Monday, May 17, 2010

So, What Exactly is Gutta Percha?

We are quickly approaching an important anniversary in American history. In a few short days (May 22) it will be 154 years (that's 1856 if you don't want to do the math) since South Carolina Congressman Preston Brooks beat Massachusetts Senator Charles Sumner on the floor of the U.S. Senate. When I read about the incident a few years ago I found that Brooks has used a gutta percha cane for his assault weapon (not pictured here).

When I read that, the first question to myself was, what the heck is gutta percha? I had never heard of it before. Well, apparently it was quite the new product discovery of the mid-nineteenth century.

Gutta percha is a hard rubber much like many of our plastic products today. It came from the gutta percha plant/tree (pictured below) of Southeast Asia. Although indigenous peoples in the region had used the product for centuries, Europeans in the 1840s found that extracting the sap from the plant by boiling it and then allowing it to dry in the sun produced a latex that could used in for many different products. One of the positives that made gutta percha highly desirable was the fact that it could be easily moulded and did not shrink when it cooled.
Gutta percha back then, like plastic today, was used for just about everything that you can think of. It was used to insulate submarine telegraph cable, and to make molded jewelry and intricate furniture. It found favor with pipe manufacturers for durable pipe stems, and even was used in the mass production of golf balls.

Gutta percha was used readily well into the twentieth century for things as diverse as pistol grips and tooth fillings.

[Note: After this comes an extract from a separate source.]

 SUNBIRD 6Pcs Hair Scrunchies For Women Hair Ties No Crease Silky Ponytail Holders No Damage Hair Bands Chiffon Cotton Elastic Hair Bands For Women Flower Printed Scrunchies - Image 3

  1. Since gutta percha is hard and durable, but not brittle, it would have to have been a truly ferocious blow that broke the stick used to attack Charles Sumner.

  2. Gutta percha was never used for photograph cases. All the "union" cases for photographs were made of a mixture of resin and fine sawdust. And most other items labeled as gutta percha are actually made of hard rubber, a quite different substance. Gutta percha and hard rubber come from completely different plants. Gutta percha items are actually very scarce. If you see a item that is black or brown, and if when you rub it it smells like burning rubber, than it is hard rubber.